Could you please reproduce all the records below exactly, leaving out the images?

··· TASK INPUTS

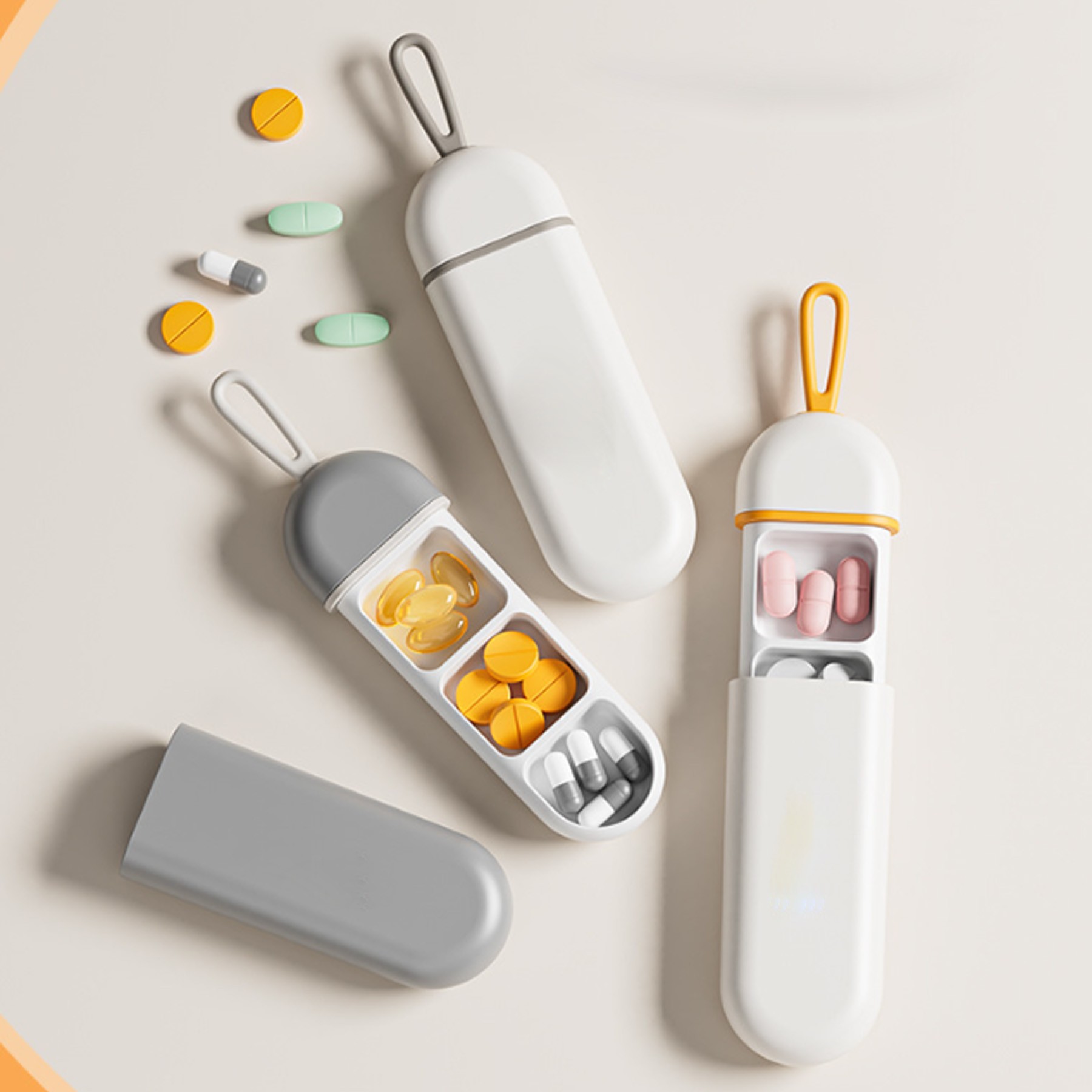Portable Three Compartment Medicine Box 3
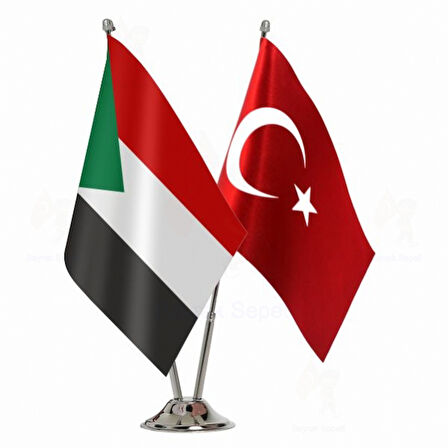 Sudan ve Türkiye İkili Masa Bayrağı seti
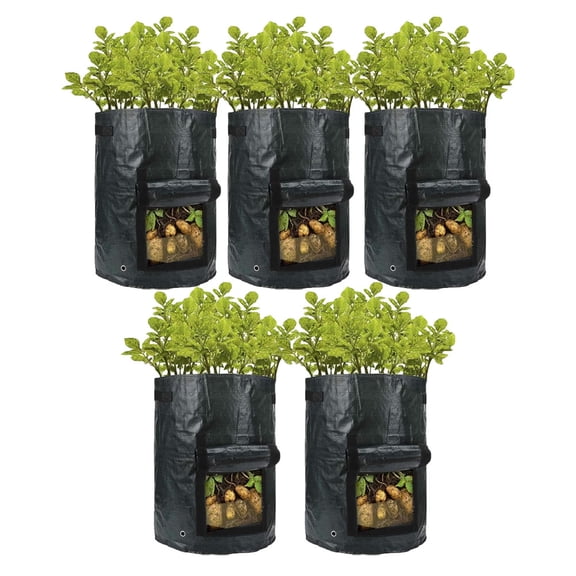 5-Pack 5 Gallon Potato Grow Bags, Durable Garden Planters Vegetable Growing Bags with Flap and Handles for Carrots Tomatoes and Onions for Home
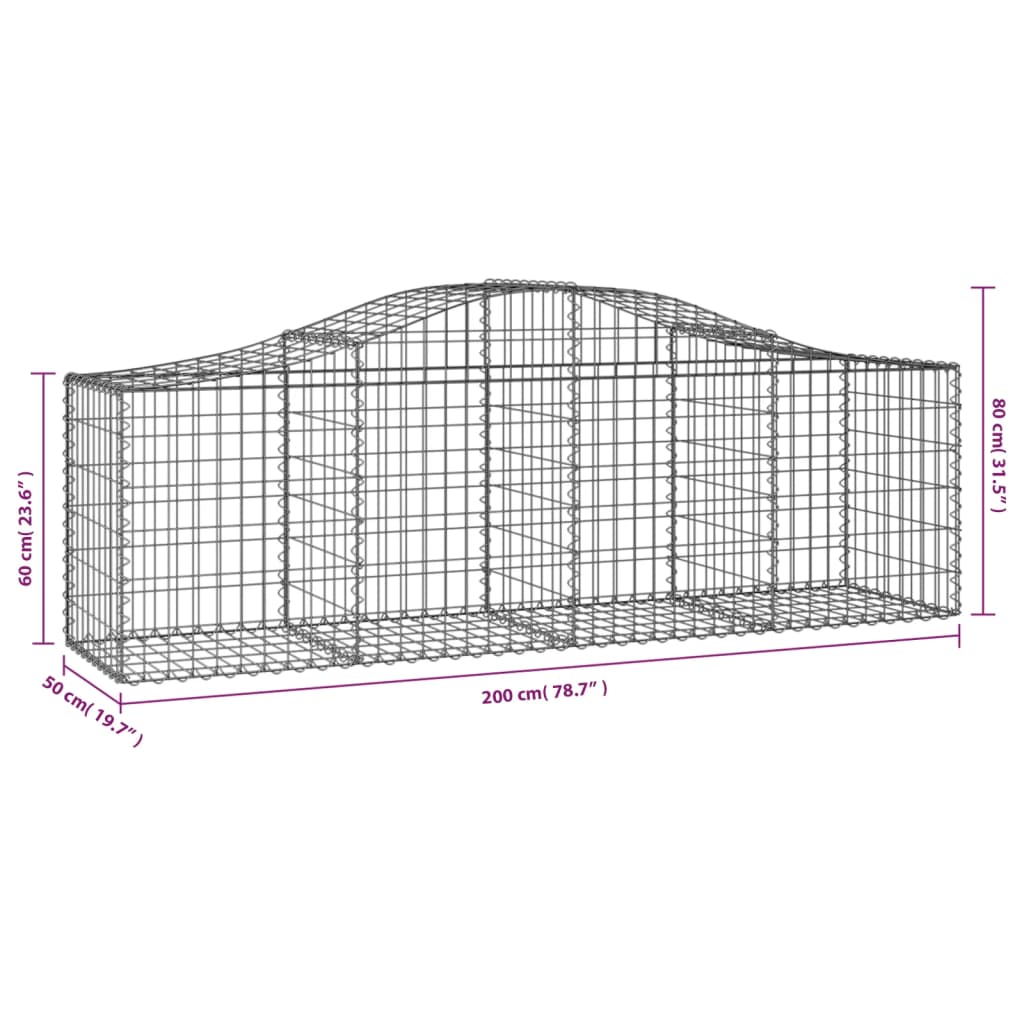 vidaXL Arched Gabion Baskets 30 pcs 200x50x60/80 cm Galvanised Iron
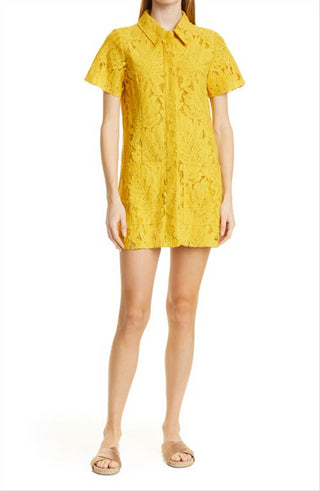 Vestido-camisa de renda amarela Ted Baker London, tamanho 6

······

_REPLY_:
Portable Three Compartment Medicine Box 3
 Sudan ve Türkiye İkili Masa Bayrağı seti
 5-Pack 5 Gallon Potato Grow Bags, Durable Garden Planters Vegetable Growing Bags with Flap and Handles for Carrots Tomatoes and Onions for Home
 vidaXL Arched Gabion Baskets 30 pcs 200x50x60/80 cm Galvanised Iron
 Vestido-camisa de renda amarela Ted Baker London, tamanho 6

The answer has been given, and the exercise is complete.